Kerns — Portland, OR
Portland has long ranked among America’s most bike-forward cities, with one of the country’s most mature networks of neighbourhood greenways and protected lanes. But if you want to see where cycling culture meets internationally recognized cool, head to Kerns.
Time Out named Kerns the fifth coolest neighbourhood in the world — and the coolest in the United States — describing it as a place that “feels like a perfectly-formed small town” inside a major city.
That assessment tracks on two wheels.
NE 28th Avenue is the district’s spine, a low-stress corridor threaded into Portland’s greenway system.
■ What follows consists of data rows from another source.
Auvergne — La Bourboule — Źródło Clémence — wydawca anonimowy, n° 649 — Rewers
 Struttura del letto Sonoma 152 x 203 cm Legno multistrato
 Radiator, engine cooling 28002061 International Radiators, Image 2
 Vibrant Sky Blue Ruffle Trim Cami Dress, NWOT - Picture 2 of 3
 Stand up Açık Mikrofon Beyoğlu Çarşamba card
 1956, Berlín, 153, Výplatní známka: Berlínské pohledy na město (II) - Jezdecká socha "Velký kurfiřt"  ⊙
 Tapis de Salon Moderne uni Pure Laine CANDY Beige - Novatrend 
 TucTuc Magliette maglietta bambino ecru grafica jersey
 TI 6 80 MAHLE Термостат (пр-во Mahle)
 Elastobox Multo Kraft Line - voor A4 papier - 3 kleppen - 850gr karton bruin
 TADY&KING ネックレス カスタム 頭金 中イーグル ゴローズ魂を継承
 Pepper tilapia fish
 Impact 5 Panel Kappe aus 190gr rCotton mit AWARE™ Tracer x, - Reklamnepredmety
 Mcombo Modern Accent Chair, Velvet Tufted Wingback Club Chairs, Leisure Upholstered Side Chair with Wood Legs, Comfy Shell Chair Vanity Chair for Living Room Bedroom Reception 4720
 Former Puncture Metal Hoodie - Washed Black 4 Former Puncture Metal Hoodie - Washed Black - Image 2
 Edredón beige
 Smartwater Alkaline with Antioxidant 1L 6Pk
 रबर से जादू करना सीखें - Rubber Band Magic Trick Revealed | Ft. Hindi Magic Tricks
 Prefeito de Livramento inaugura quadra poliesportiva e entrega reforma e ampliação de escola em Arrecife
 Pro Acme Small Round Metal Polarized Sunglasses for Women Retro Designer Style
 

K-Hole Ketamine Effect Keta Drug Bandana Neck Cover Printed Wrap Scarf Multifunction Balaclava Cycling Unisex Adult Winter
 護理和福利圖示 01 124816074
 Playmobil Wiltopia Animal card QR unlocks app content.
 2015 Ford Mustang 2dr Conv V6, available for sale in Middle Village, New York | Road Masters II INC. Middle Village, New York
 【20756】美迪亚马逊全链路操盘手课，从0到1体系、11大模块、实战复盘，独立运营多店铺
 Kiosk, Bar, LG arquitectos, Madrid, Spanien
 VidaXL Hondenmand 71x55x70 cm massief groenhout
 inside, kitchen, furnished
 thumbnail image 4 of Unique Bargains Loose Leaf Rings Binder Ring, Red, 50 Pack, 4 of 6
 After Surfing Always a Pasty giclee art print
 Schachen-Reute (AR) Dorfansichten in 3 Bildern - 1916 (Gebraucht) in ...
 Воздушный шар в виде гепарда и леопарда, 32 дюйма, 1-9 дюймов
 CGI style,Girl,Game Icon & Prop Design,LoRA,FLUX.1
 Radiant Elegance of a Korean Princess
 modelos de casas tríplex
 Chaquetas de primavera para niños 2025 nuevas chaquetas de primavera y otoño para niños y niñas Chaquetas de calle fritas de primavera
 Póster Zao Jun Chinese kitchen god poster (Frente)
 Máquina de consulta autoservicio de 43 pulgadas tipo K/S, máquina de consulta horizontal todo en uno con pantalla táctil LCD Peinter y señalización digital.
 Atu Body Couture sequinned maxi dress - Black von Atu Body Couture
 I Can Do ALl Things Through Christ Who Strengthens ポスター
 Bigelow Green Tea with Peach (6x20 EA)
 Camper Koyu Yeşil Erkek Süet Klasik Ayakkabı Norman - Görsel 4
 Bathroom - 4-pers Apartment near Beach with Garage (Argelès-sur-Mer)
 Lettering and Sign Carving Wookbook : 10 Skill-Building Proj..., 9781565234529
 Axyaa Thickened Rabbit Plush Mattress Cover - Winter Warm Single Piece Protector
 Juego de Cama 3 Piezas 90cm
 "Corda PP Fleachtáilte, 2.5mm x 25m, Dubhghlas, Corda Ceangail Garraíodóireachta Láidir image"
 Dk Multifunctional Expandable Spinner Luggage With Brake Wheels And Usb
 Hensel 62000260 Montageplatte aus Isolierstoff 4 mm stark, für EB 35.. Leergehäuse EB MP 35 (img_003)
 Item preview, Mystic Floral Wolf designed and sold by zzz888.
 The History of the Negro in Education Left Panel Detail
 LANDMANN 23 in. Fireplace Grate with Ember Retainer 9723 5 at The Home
Cyclists cruise between brick storefronts housing Music Millennium, the cozy German beer hall Stammtisch — ideal for a late-afternoon lager — and the beloved vintage cinema Laurelhurst Theater.
Just to the southeast, Laurelhurst Park draws cyclists for picnic loops and summer events. Riders stock up at Providore Fine Foods, grab charcuterie from Olympia Provisions, or cheese from Cowbell before coasting toward the duck pond.
Portland’s cycling infrastructure — calm neighbourhood greenways, bike-specific wayfinding, and a culture that treats everyday riding as normal — makes Kerns feel porous and accessible. The cool isn’t performative. It’s lived-in. Bikes lean against nearly every storefront. And nobody looks surprised.